Rene L Pattiradjawane  ;  Wartawan Senior Kompas
KOMPAS, 25 Mei 2015


                                                                                                                                                           
                                                
Persaingan antara Tiongkok dan Jepang sebagai kekuatan keuangan Asia setidaknya memiliki tujuan yang sama. Kedua kekuatan ekonomi dunia asal Asia ini sama-sama berambisi memperluas jangkauan kebijakan luar negeri dalam menghadapi perubahan drastis geopolitik dunia yang bertumpu pada kawasan Asia Pasifik.

Dunia sekarang menghadapi perubahan konstelasi perimbangan kekuatan ekonomi, perdagangan, keuangan, sosial, budaya, dan militer tidak hanya antarnegara Asia Tiongkok-Jepang-India, tetapi juga kekuatan luar kawasan, seperti AS, Jerman, Inggris, dan Brasil.

Ketika PM Jepang Shinzo Abe mengumumkan menambah anggaran 110 miliar dollar AS melalui Bank Pembangunan Asia (ADB) bagi investasi infrastruktur berkualitas di Asia, konstelasi perimbangan kekuatan mengarah pada persaingan lingkup pengaruh negara-negara besar. Berbagai ambisi investasi digelar bersamaan peningkatan anggaran biaya militer masing- masing kekuatan negara Asia dari Jepang, Tiongkok, Asia Tenggara, Asia Selatan, sampai ke Timur Tengah.

Kita sekarang berada di tengah proses pembentukan ulang lingkungan politik global yang mengarah sangat kental pada konteks pembangunan ekonomi. Berbagai dana investasi pembangunan, khususnya infrastruktur, menjadi tema penting pada tingkat regionalisme dan multilateralisme.

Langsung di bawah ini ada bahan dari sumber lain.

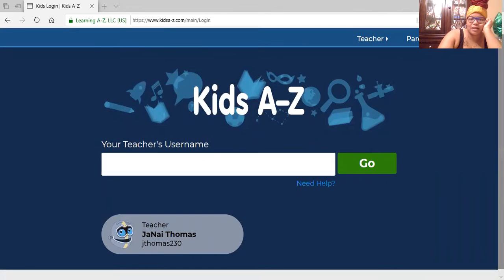I'm going to share my screen and show you how to access Reading A to Z for our students. The website is www.kidsa2z.com. If you type in 'Reading A to Z' you're not going to get the correct login — you'll get the teacher's login, which is not where you want students to be. Make sure you're putting in the correct website into the address bar.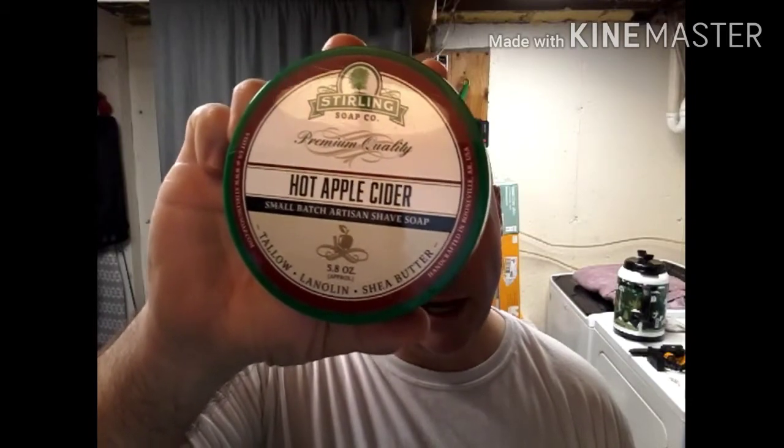There's the label right there and I also have the accompanying aftershave here. I don't always have the accompanying aftershave, but today I do — so I thought, why not?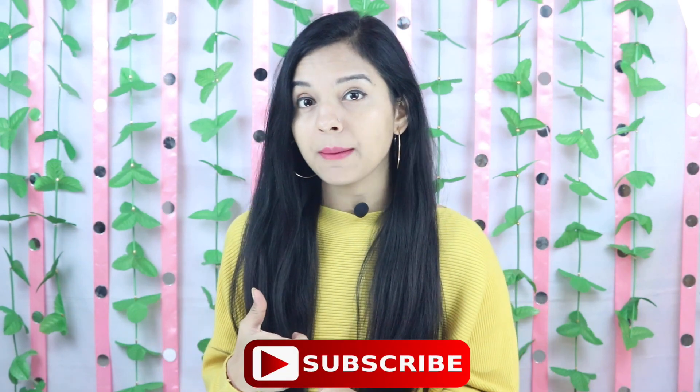Hi guys, welcome back to my channel Miss Prayer TV. I'm going to share with you a lookbook plus haul video. And friends, if you haven't subscribed yet, please do subscribe.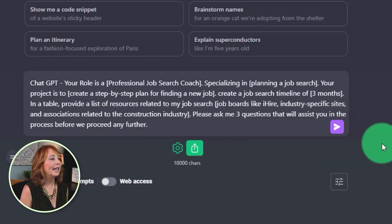ChatGPT, your role is a professional job search coach specializing in planning a job search. Your project is to create a step-by-step plan for finding a new job. Create a job search timeline of three months in a table. Provide a list of resources related to my job search — that would be job boards like iHire, industry-specific sites, and associations related to the construction industry. Please ask me three questions that will assist you in the process before we proceed any further.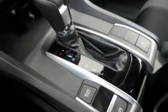Express open and close sliding and tilting sunroof, gas pressurized shocks, and power heated mirrors.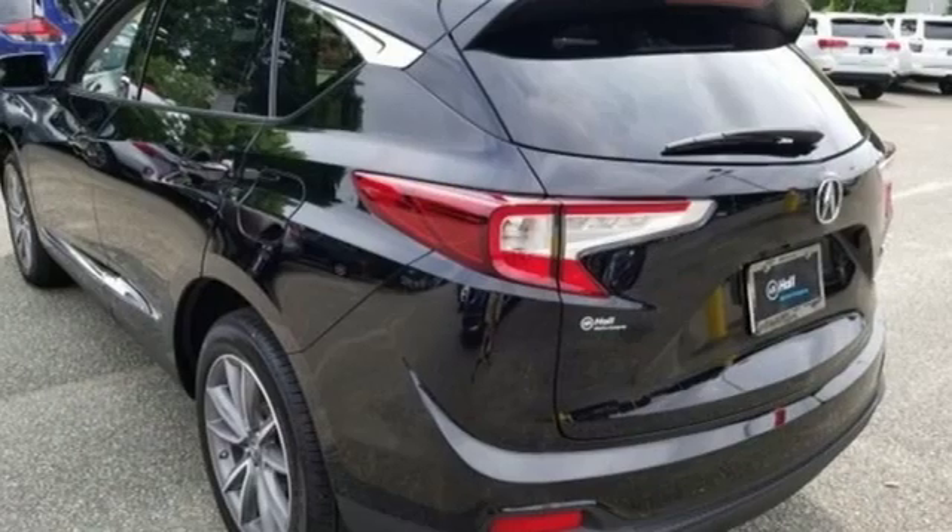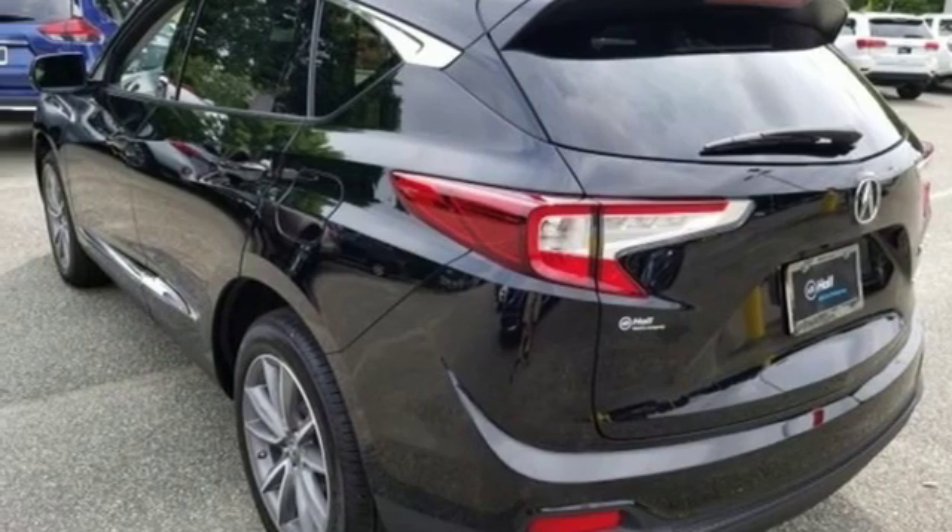Luxury performance Acura. There's even more to see in person — take it for a test drive today.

Berbagai negara, khususnya Asia, seperti Tiongkok dan Jepang, mengarahkan globalisasi sebagai aktivitas konversi kapitalisme membentuk masyarakat baru keluar dari naungan masyarakat kapitalis Amerika Utara dan Eropa. Tuntutan akan otonomi dan penentuan nasib sendiri atas persoalan ekonomi, keuangan, dan perdagangan tetap menjadi proliferasi bagi berbagai institusi global, dengan penekanan tuntutan-tuntutan baru dalam mekanisme kerja sama pembangunan berkesinambungan.

Bagi Indonesia yang terdesak mengembangkan berbagai proyek infrastruktur, ada beberapa pertimbangan yang perlu dilakukan. Pertama, tidak ada yang berubah dalam struktur Bank Investasi Infrastruktur Asia (AIIB) bentukan Tiongkok yang akan menguasai 30,85 persen saham kepemilikan sebagai entitas tunggal mengalahkan kepemilikan saham AS dan Jepang di ADB (masing-masing 15,7 persen dan 15,6 persen).

Pada kenyataannya, AIIB tidak sesuai dengan apa yang diucapkan Presiden RRT Xi Jinping di depan DPR pada Oktober 2013 tentang perlunya prinsip win-win melalui kesetaraan dan saling menguntungkan. Ketika itu, Xi Jinping berbicara dengan peribahasa Ji li dang ji tianxia li yang secara harfiah berarti "berkaitan dengan keuntungan harus memperhitungkan keuntungan seluruh dunia".

Kedua, dalam jumlah hampir sama dana investasi bagi infrastruktur yang diajukan PM Shinzo Abe, posisi kita lebih menguntungkan di ADB dibandingkan di AIIB. Karena di AIIB, menurut Institut bagi Kebijakan Ekonomi Korea (KIEP), saham Indonesia di AIIB hanya 3,99 persen, sedangkan di ADB saham Indonesia tercatat 5,1 persen.

Tidak disangkal, Asia memerlukan pinjaman atau hibah untuk proyek-proyek besar sebagai cara mendukung pembangunan pembangkit listrik, sistem air, jaringan komunikasi, kereta api, dan jalan raya. Komitmen Jepang yang berjalan paralel dengan AIIB memberikan pilihan komparatif dalam menentukan mekanisme multilateralisme yang ingin dikembangkan di masa mendatang.

Perbaikan ekonomi melalui berbagai model investasi infrastruktur yang tersedia memberikan keuntungan sangat signifikan bagi ratusan juta rakyat Asia. Mentransformasikan pembangunan ekonomi ini akan menjadi model baru keluar dari beban utang multigenerasi triliunan dollar AS.